#### PROVIDED DATA:
+++++

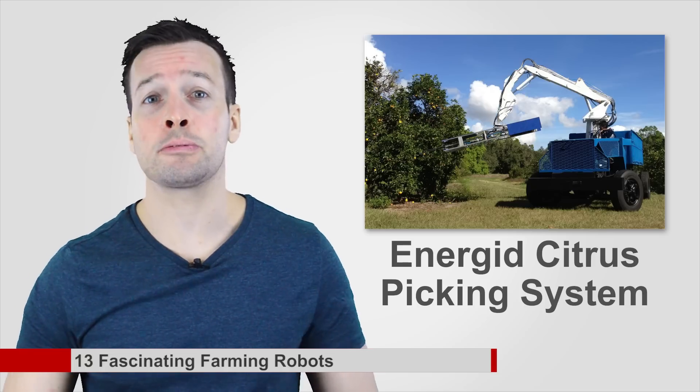Energid Citrus Picking System: this big but low-cost orange picking gadget can clear an orange tree for as little as or less than what human labour would cost. That means picking an orange every 2 to 3 seconds, which might sound slow, but remember, this robot never gets tired.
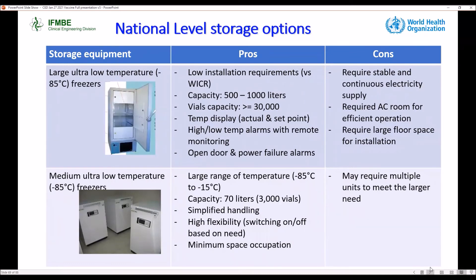For national level storage options, we have two: large and medium ULT freezers. For the large ULT, the advantage is that it requires low installation requirements versus walk-in cold rooms, with different capacities between 500 and 1,000 liters accommodating approximately 30,000 vials. These freezers have alarms for high and low temperature, open door, and power failure. The medium ULT has temperature ranges between minus 85 to minus 15 degrees Celsius, with a capacity of 20 liters accommodating 3,000 vials, and requires minimum space.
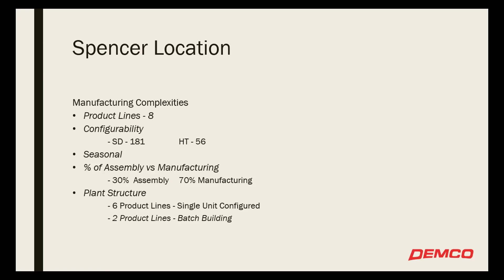On the seasonal side, we really haven't seen a lot of that — with the market today, the demand is so high that we don't really see that seasonal influx right now, but it is real and we'll be getting into that at some point. The Spencer location is more like 30% assembly and more manufacturing. This location actually uses more of the single unit configured approach, with limited batch building, but it is present in this facility as well.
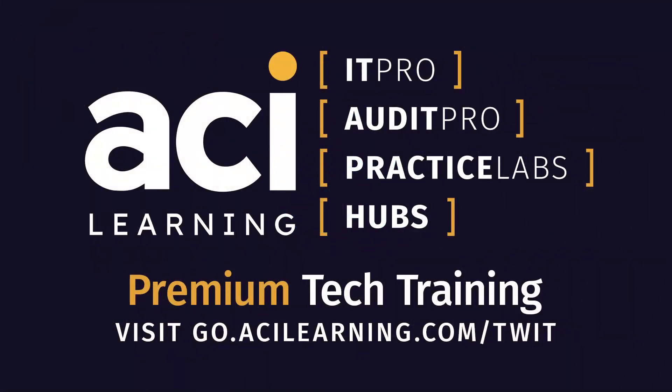This episode of Tech Break is brought to you by ACI Learning. ACI Learning provides world-class service from beginning to end of your training journey and beyond. Fortify your expertise with access to self-paced IT training videos, interactive practice labs, and certification practice tests. Individuals use the code TWIT30 for 30% off a standard or premium individual IT pro membership at go.acilearning.com slash TWIT.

+++++

#### WHAT IS REQUIRED:
Output each line of the listing above, word for word, from the one holding "On the seasonal" through the last line, both included; omit the pictures.

#### ANSWER FOR THE TASK:
On the seasonal side, we really haven't seen a lot of that — with the market today, the demand is so high that we don't really see that seasonal influx right now, but it is real and we'll be getting into that at some point. The Spencer location is more like 30% assembly and more manufacturing. This location actually uses more of the single unit configured approach, with limited batch building, but it is present in this facility as well.
This episode of Tech Break is brought to you by ACI Learning. ACI Learning provides world-class service from beginning to end of your training journey and beyond. Fortify your expertise with access to self-paced IT training videos, interactive practice labs, and certification practice tests. Individuals use the code TWIT30 for 30% off a standard or premium individual IT pro membership at go.acilearning.com slash TWIT.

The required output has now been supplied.